Stored data

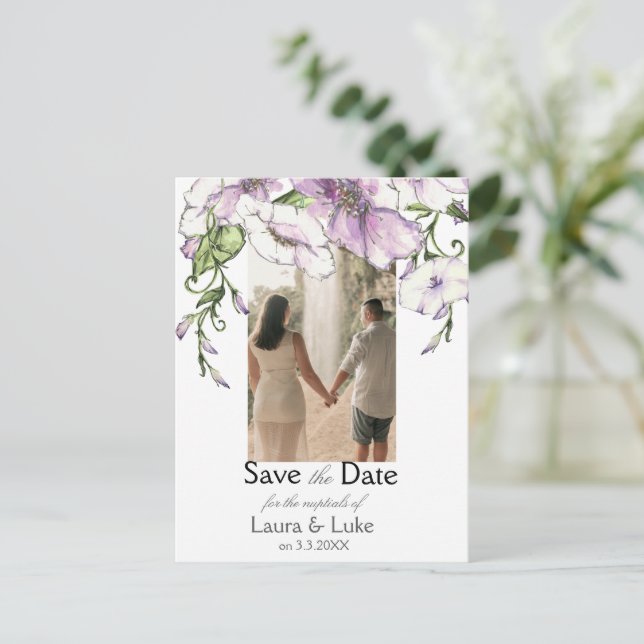 Moderne Stiefmütterchen Save the Date Postkarte (Stehend Vorderseite)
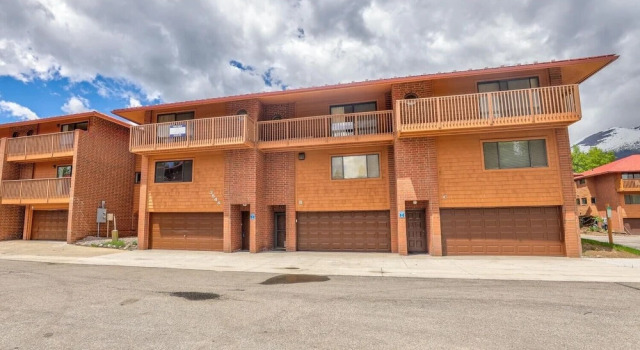 Lagoon  754b 3 Bedroom Townhouse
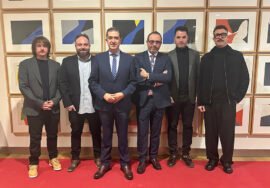 Los componentes de Supersubmarina junto al alcalde, Pedro Cabrera, y al concejal Antonio J. Perales.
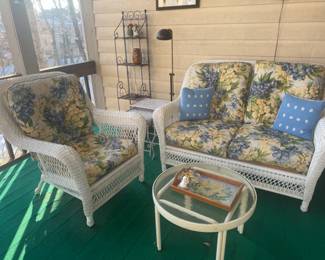 wicker outdoor furniture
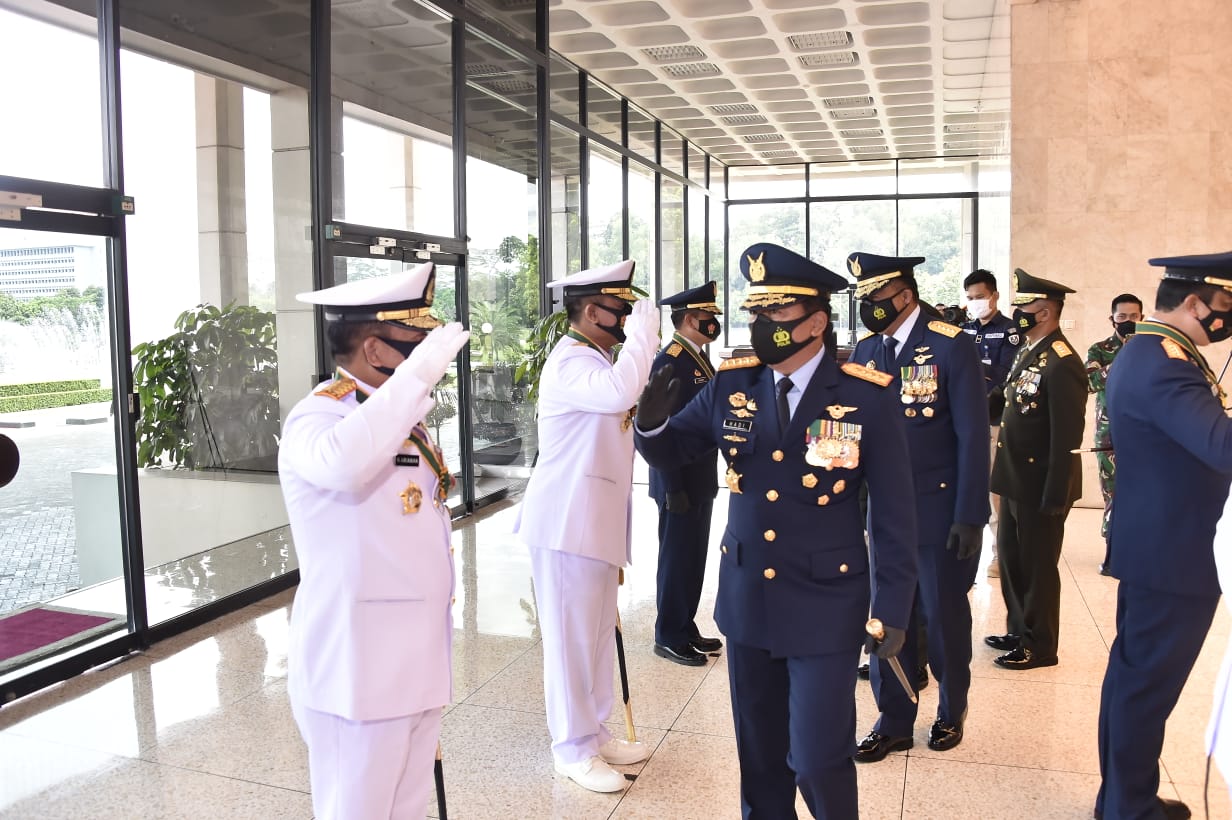 Pangkogabwilhan I Terima Penganugerahan Bintan Dharma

ABOUT THIS TASK
Pictures stay out, and every line of the records is transcribed exactly.

SOLUTION TO THIS PROBLEM
 Moderne Stiefmütterchen Save the Date Postkarte (Stehend Vorderseite)
 Lagoon  754b 3 Bedroom Townhouse
 Los componentes de Supersubmarina junto al alcalde, Pedro Cabrera, y al concejal Antonio J. Perales.
 wicker outdoor furniture
 Pangkogabwilhan I Terima Penganugerahan Bintan Dharma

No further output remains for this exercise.